従業員を正社員や契約社員ではなく、業務委託による形式で雇用できないかどうかの相談が当事務所には多く寄せられております。
また、個人へ業務委託する場合の契約書の作成方法や依頼も多いのですが、「個人との業務委託契約により偽装請負を回避できるか」でも取り上げましたが、個人への業務委託を成立させるためには相当高いハードルをクリアしなくてはなりません。
業務委託が適法に成立するか偽装請負になるかの判断は非常に難しいので、専門家に相談されるのが一番手っ取り早くて良いでしょう。
では、専門家とは一体誰なのか?
弁護士、行政書士、社会保険労務士などで、業務委託契約や契約書の作成を専門に扱っている方であれば問題ないと思いますが、これらの所謂、士業に相談するのは気が引けるという方は次の場所に相談すると良いでしょう。
それは、労働基準監督署です。
但し、労働基準監督署の労働基準監督官に相談することです。
労働基準監督署には労働基準法などの相談員などがいらっしゃいますが、業務委託かどうかの判断等に関してはそれ程詳しくありませんので、相談員ではなく監督官に相談して下さい。
何課とか色々ありますが、「方面」に電話して頂いて、手の空いている監督官に業務委託について相談したいと言えば取り次いで頂けます。
ただ、監督官も全てに精通しているわけではないので、見解が異なる場合もあります。
その場合は、別の労基署の監督官にもセカンドオピニオンとして相談してみると良いでしょう。
契約書の具体的な作り方までは教えてくれませんが、自身が想定しているビジネスモデル(個人への業務委託)が適法に成立するかどうかの判断はして頂けるかと思います。
監督官は手元に業務委託に関するチェックシートを用意しておりますので、自身で色々と書籍やネットで調べるよりかは我々や労基署に確認をした方が効率的で安心なのではないでしょうか。

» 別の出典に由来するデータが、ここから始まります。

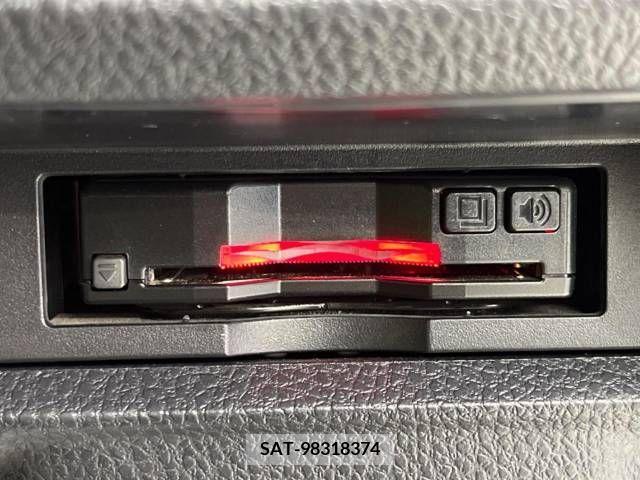 Toyota VOXY 2017-07 321510-5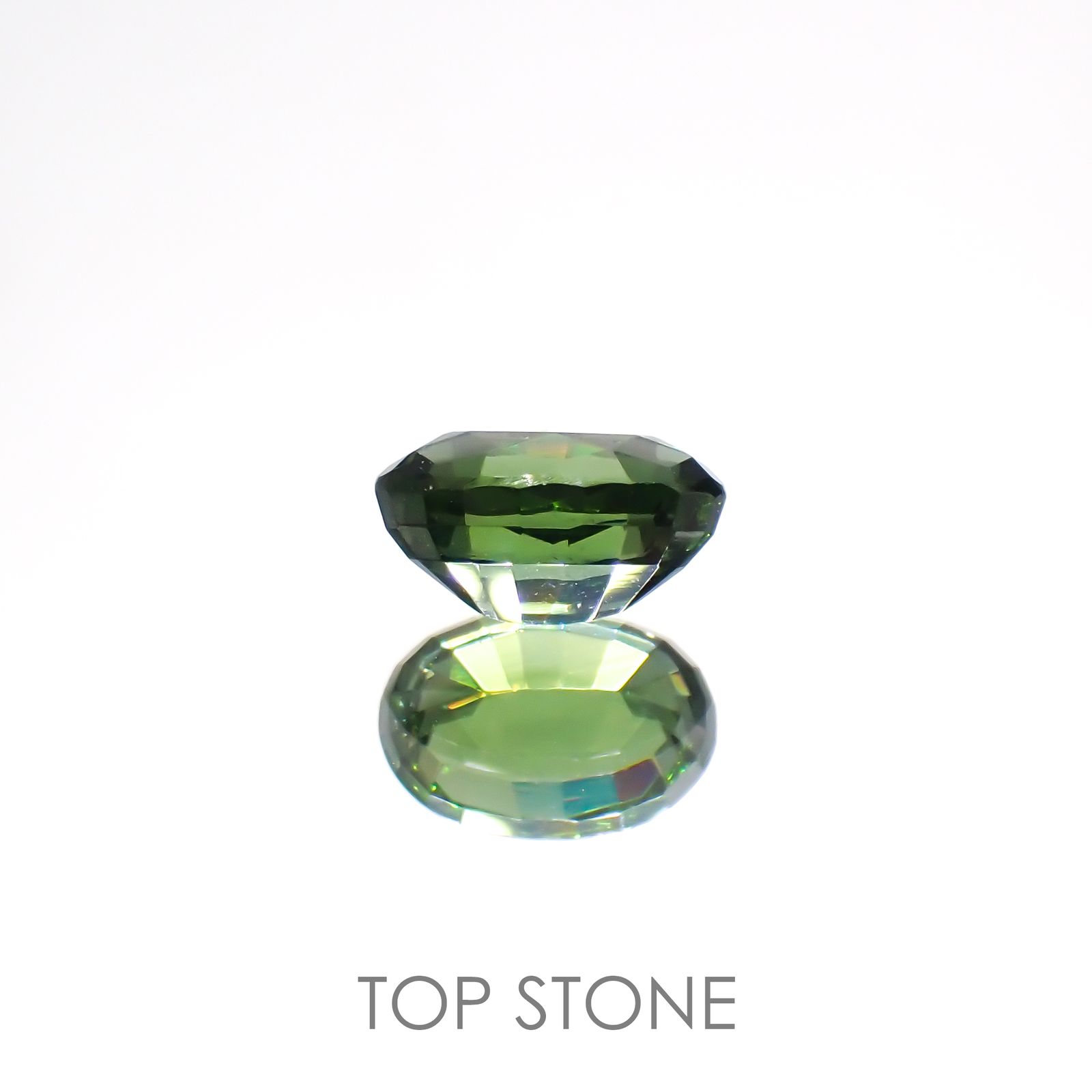 グリーンジルコン(宝石名ジルコン)スリランカ/カンボジア産 1.40ct 識別済[220114891]7.3x5.1mm前後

他にも独占禁止法や各種ガイドラインに触れるかどうかの判断が自身で出来ない場合は、公正取引委員会に電話して相談すれば教えて頂けます。
労基署や公取委に電話することなどあまり無いことですので、緊張するかもしれませんが、法に触れた経営をするリスクと比較すれば、これ位のことは事業を始める前や従業員を業務委託契約に切り替える前に確認しておいた方が良いでしょう。
くれぐれも事業を始める際や従業員を業務委託契約に切り替える前に、法に触れないかどうかの調査をせずに突っ走らないことです。
先にビジネスモデルを確立したり、商品を製造してしまいますと、その事業が適法に行えない場合が発覚したときの軌道修正の方が時間と費用がかかりますし、従業員の雇用形態を業務委託契約に切り替えてからトラブルが生じると裁判にまで発展する可能性もありますので、面倒臭がらずに、事業を立ち上げるときや契約を切り替える際は適法に行えるかどうかの調査を怠らずにして頂きたいと思います。